Feature matches (bottom plot) show that the median and Q1 match count typically stayed between 100 and 30 inlier matches for the majority of traverses. However, there are instances of median values dropping to single digits with Q1 values of zero. These cases can be attributed to navigation in environments challenging for vision-based navigation during difficult weather conditions. These include high winds in vegetation-rich areas, sunshine and terrain modification in open desert areas, strong shadows on tree-lined roads, and glare when the elevation of the sun is low. A detailed analysis of these corner cases can be found in Sect. 6.

Fig. 12
figure 12

Example of the place-dependent terrain-assessment algorithm correctly classifiying a human in the path as unsafe

During the field tests, the VT&R 2.0 system ensured safe driving through the place-dependent terrain-assessment algorithm. A qualitative example of the algorithm is illustrated in Fig. 12, in which a human blocked the path on the vegetation-rich ridge area illustrated in Figs. 1 and 8. The robot was able to identify a change in the environment caused by the human obstacle and decided to stop. The quantitative performance of the algorithm is measured using the number of true positives (TP) (obstacles correctly identified), false positives (FP) (obstacle detected when no obstacle present), true negatives (TN) (safe terrain correctly identified), false negatives (FN) (missed obstacles), and false-positive rate (FPR), defined as \(\frac{\mathrm {FP}}{\mathrm {FP} + \mathrm {TN}}\). which can give more insight into the performance of the system since the nature of the terrain-assessment problem results in many more examples of safe terrain than examples of obstacles.

The terrain-assessment results are shown in Table 2. Notably, there are no false negatives, meaning that all obstacles were identified on the path (100% recall). In the absence of obstacles, only 56 false positives occurred in over 20000 estimates which translates to a false-positive rate of 0.28%. This is extremely low, and is a better indicator of algorithm performance than the typically reported precision (34%) because of the large imbalance of obstacle to obstacle-free examples.
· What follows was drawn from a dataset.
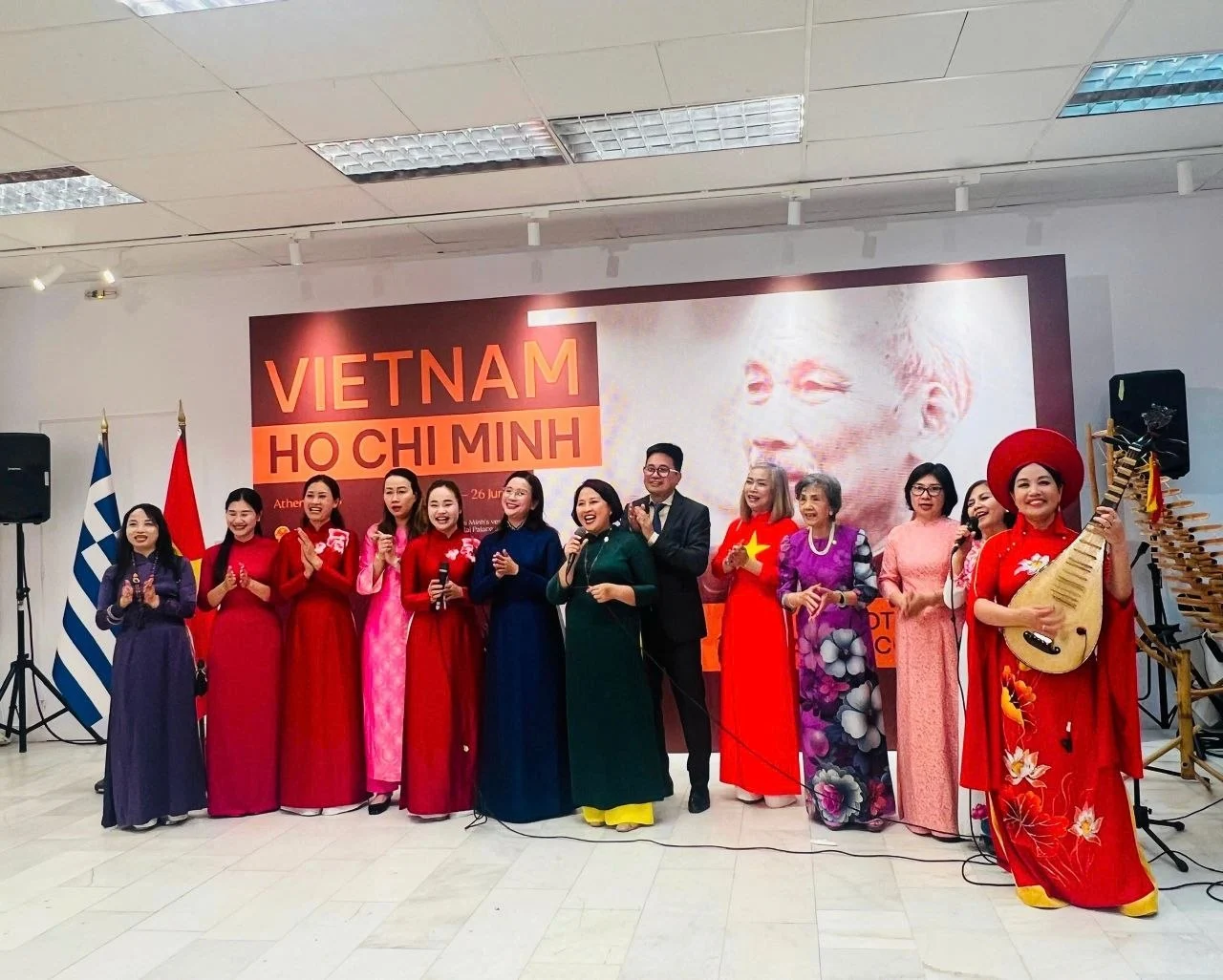 Tìm hiểu các hoạt động gắn kết cộng đồng và trải nghiệm thực tế về đời sống người Việt ở Hy Lạp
The results show that the algorithm is able to safely navigate in challenging environments with very few false positives per distance traveled.

Table 2 Accuracy results for the place-dependent terrain-assessment algorithm.

6 Challenges/Lessons Learned

Difficult Conditions: For the majority of the 140 km of autonomous driving, the median inlier match count was at or above a safe value of 50, as shown in Fig. 11.

Fig. 13
figure 13

Example images of areas that remain difficult for vision-based navigation. from left to right: i open desert areas with heavy vehicle traffic, ii lush vegetation during high winds, iii tree-lined corridors with strong shadows, and iv sun glare

However, there were a select few traverses with median values near 10 matches, with a Q1 value of zero. This poor localization performance can be attributed to traversing in conditions that are difficult for vision-based navigation. The conditions that were encountered during the field test are highlighted in Fig. 13. Open, desert areas contain few features that persist over time with vehicles, wind, and weather changing the shape of the sand on a daily basis, which causes any stable features to be limited to the horizon. Vegetation-rich areas are typically not a problem for the VT&R 2.0 system, except when high winds are present, which causes the vegetation to rapidly sway back and forth, causing issues for outlier rejection for both localization and VO. Tree-lined corridors cast strong shadows on the road on sunny days. In these conditions, the majority of inlier matches originate from these ephemeral features. With multi-experience systems, this can lead to incorrect state estimates if the majority of inlier matches arise from features that have all moved with the elevation of the sun. The final difficult condition encountered during the field trial is glare from when the sun is low on the horizon, causing images to be oversaturated. It was in these conditions on the sunniest days of the field test where the majority of manual interventions occurred.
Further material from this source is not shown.